Author: Mark Allen, CEO of CPS Electric
Every year, over 2.4 billion dollars in damage is caused to businesses due to fire. Most damage can be avoided with the proper fire protection systems. Proper protection begins as a plan to adequately assess the needs, with an installation team qualified to do the job correctly.
Planning a Fire Protection System The necessity to install and maintain fire protection is more prevalent when designing manufacturing facilities – as it will be required by local building codes, and the systems will need to be advanced. Often, fire protection is woefully undervalued by offices and businesses which prefer the economical approach with a basic system installation.
There are two major types of fire protection systems:
Passive Fire Protection (PFP) This is a system that is installed into a building or provided by design to prevent a fire breakout. Some examples of PFPs are fire-resistant walls, fireproofing cladding, and non-combustible cable coating.

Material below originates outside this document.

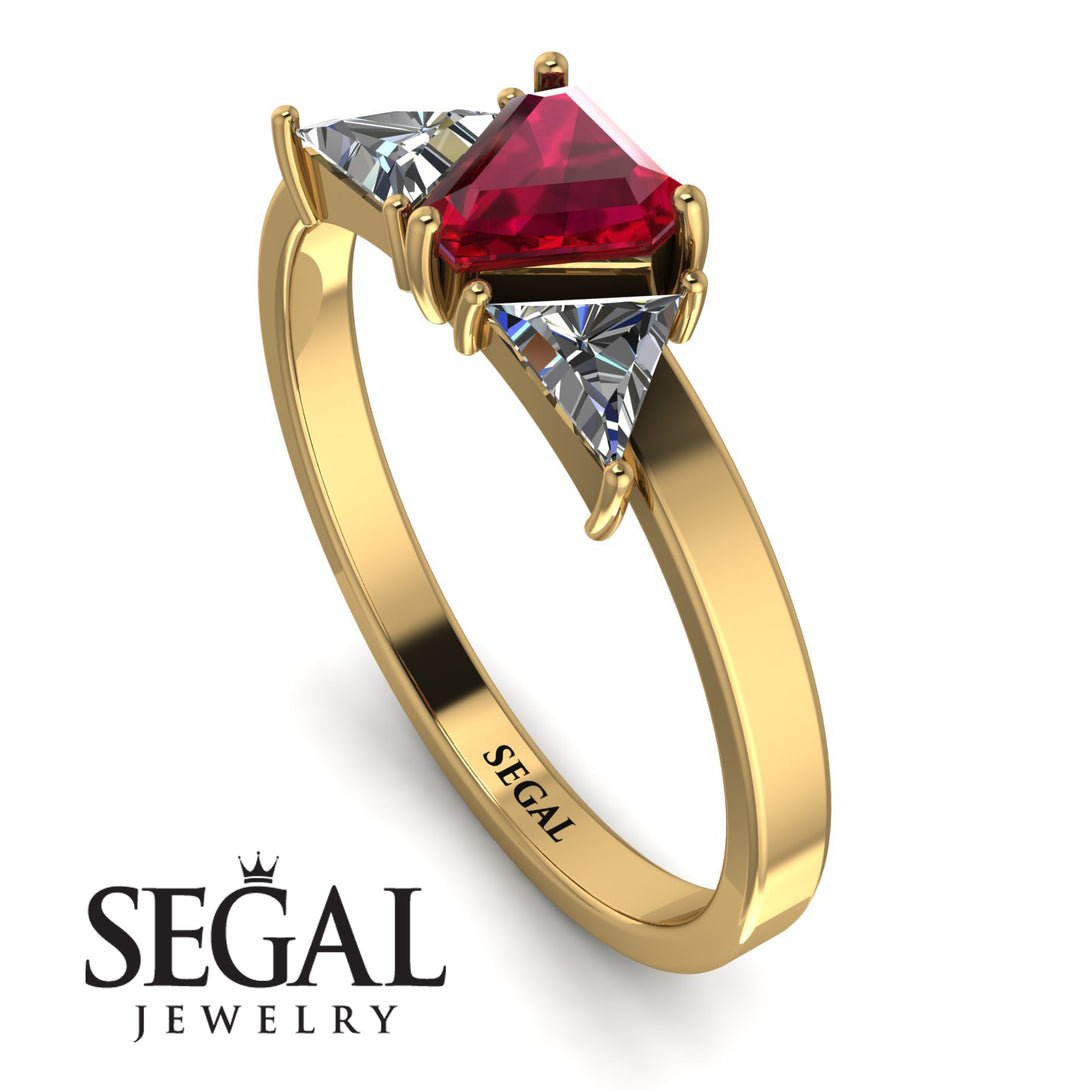 Triangle Ruby Engagement Ring - Molly No. 10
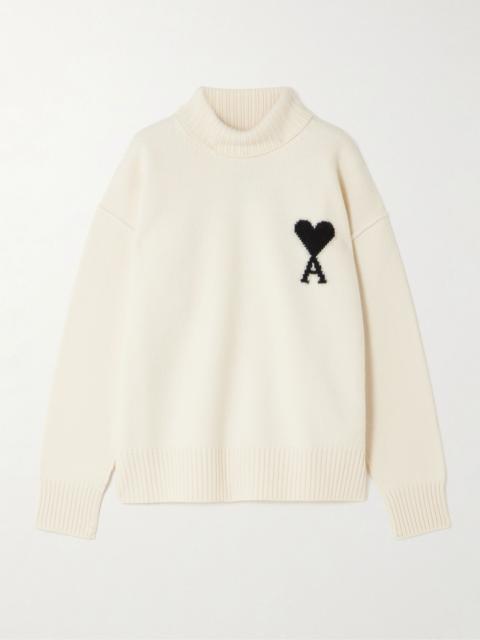 Oversized intarsia-knit wool turtleneck sweater Cream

Active Fire Protection (APF) This is a system that takes measures to put out the fire manually (such as a fire extinguisher) or automatically (such as when water sprinklers or a foam suppression system) is triggered. The best systems combine the benefits of both PFP and AFP. While a PFP approach will improve safety and prevent fires, it’s good to have an AFP in place should fire happen.
Active Fire Protection Components – What Should Be Included and How Does It Work?
Every Active Fire Protection approach starts with an Alarm Initiating Device such as a smoke or heat detector. It will catch the first sign of fire and activate the system. Once the system is activated, other key components of the system can take over:
Fire notification devices This includes tones, bells or horns to alert people in the building to take action and evacuate.
Automatic fire suppression devices This system is the first measure of offense on a fire with water or chemicals. Some examples include water sprinklers, gaseous fire suppressors and condensed aerosol fire suppressors.
Fire extinguishers These hand-held devices with cylindrical pressure vessels filled with an agent such as water, foam or dry powder are operated by a user and are helpful for small emergencies and fire situations that can be mitigated by people close to the fire. Planning the location for such extinguishers is integral to a well-planned facility. The extinguishers should be conveniently located on every floor and easy to access.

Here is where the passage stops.